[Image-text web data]
[Start of section]

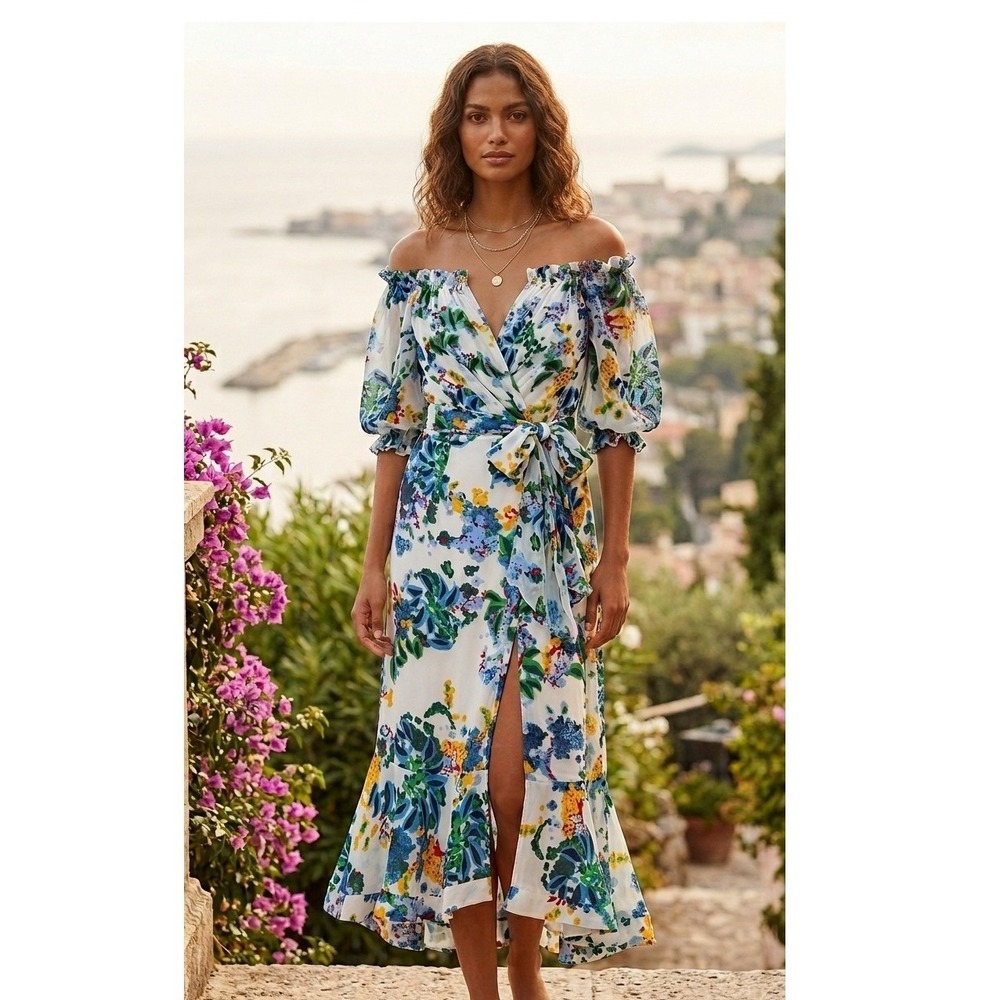 Saloni Floral Midi Dress Womens 2 White Silk Rayon Off Shoulder Wrap Good
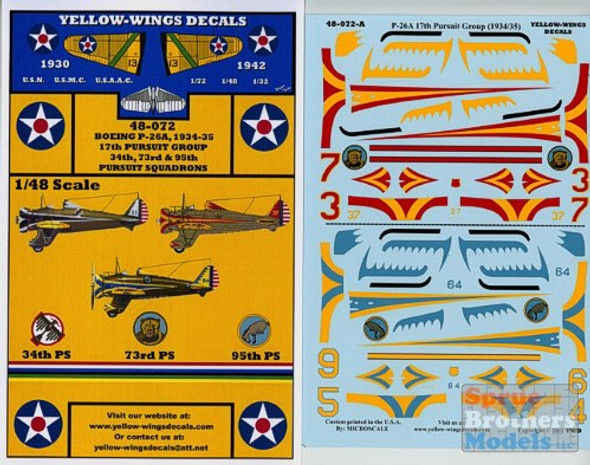 YWD48072 1:48 Yellow Wings Decals USAAC Boeing P-26A Peashooter #48072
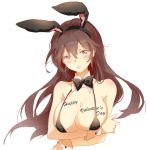  1girl animal_ears bangs bare_arms bare_shoulders black_bikini_top black_bow black_hairband black_neckwear blush bow bowtie breast_hold breasts brown_eyes brown_hair chinese_commentary commentary_request cropped_torso detached_sleeves eyebrows_visible_through_hair fake_animal_ears hairband happy_valentine large_breasts long_hair looking_at_viewer original parted_lips rabbit_ears shangguan_feiying simple_background solo upper_body white_background wrist_cuffs 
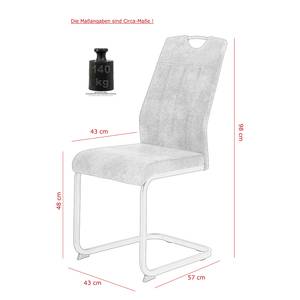 Chaise cantilever Cotulla Microfibre / Métal - Noir - Gris vintage - Lot de 4
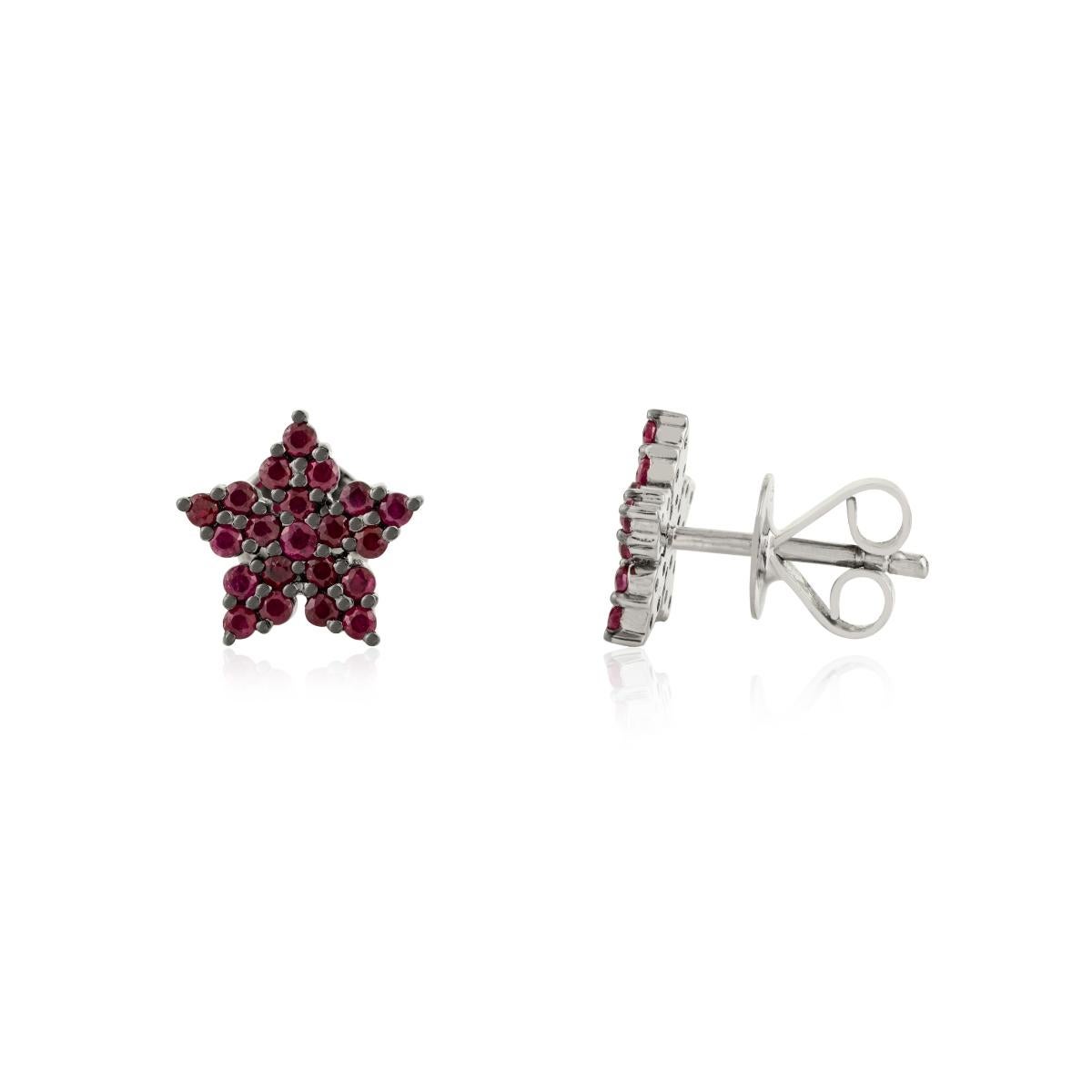 Minimal July Birthstone Ruby Star Earrings in 14k Solid White Gold Fine Jewelry For Sale 1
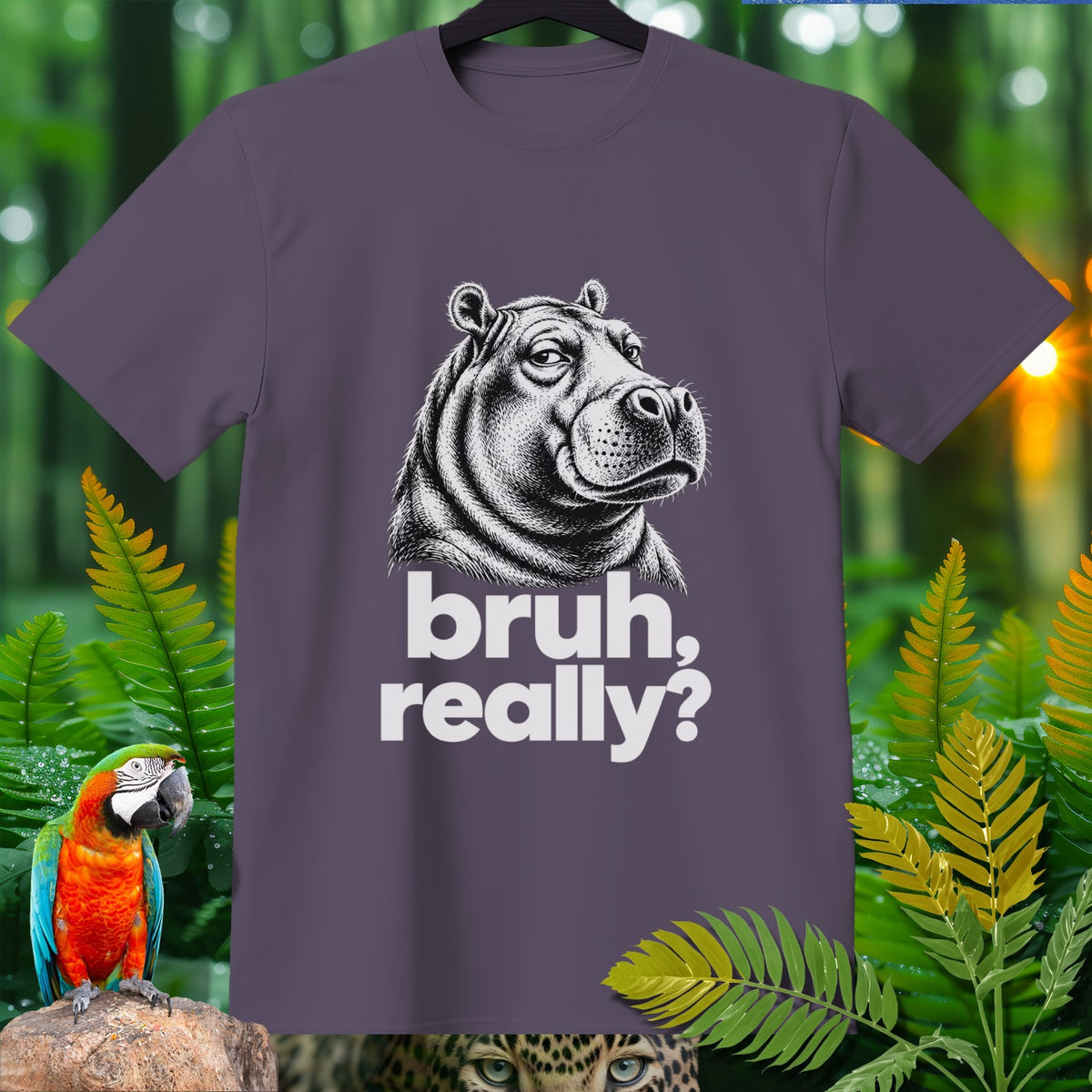 Purple t-shirt with a black and white illustration of a hippo and the text "bruh, really?".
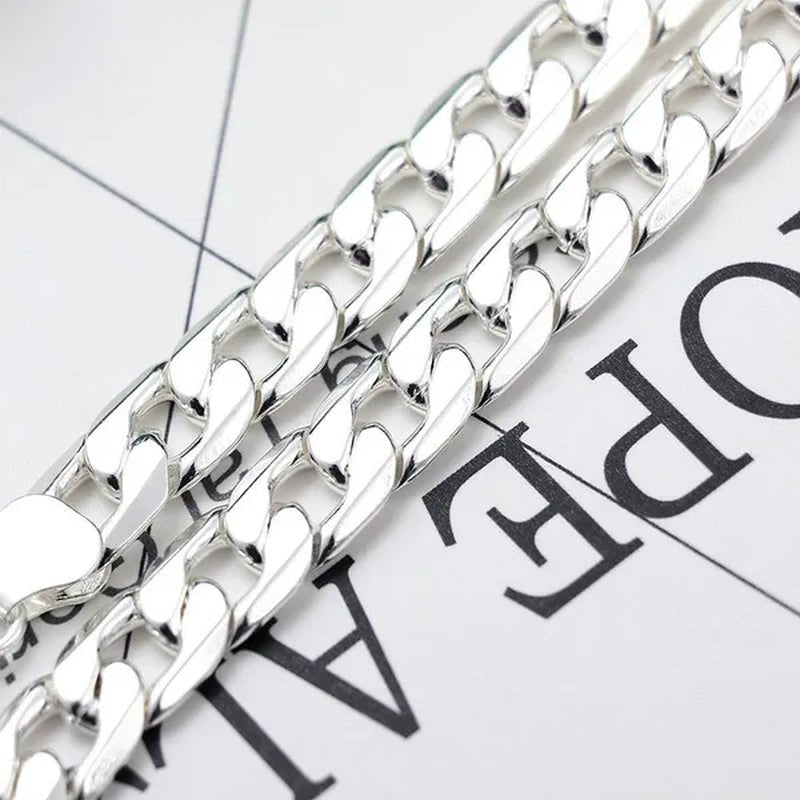 High Quality 925 Sterling Silver 12MM Width Male Jewelry 925 Solid Silver Fashion Jewelry Men Curb Chain Necklace Bracelet 8-30 inches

[End of section]

- _EXERCISE OBJECTIVE_: Only the line with "YWD48072 1:48 Yellow" and those preceding it, back to the first line of the entries, should be repeated exactly, without pictures.

- _RESULT OF THIS TASK_:
 Saloni Floral Midi Dress Womens 2 White Silk Rayon Off Shoulder Wrap Good
 YWD48072 1:48 Yellow Wings Decals USAAC Boeing P-26A Peashooter #48072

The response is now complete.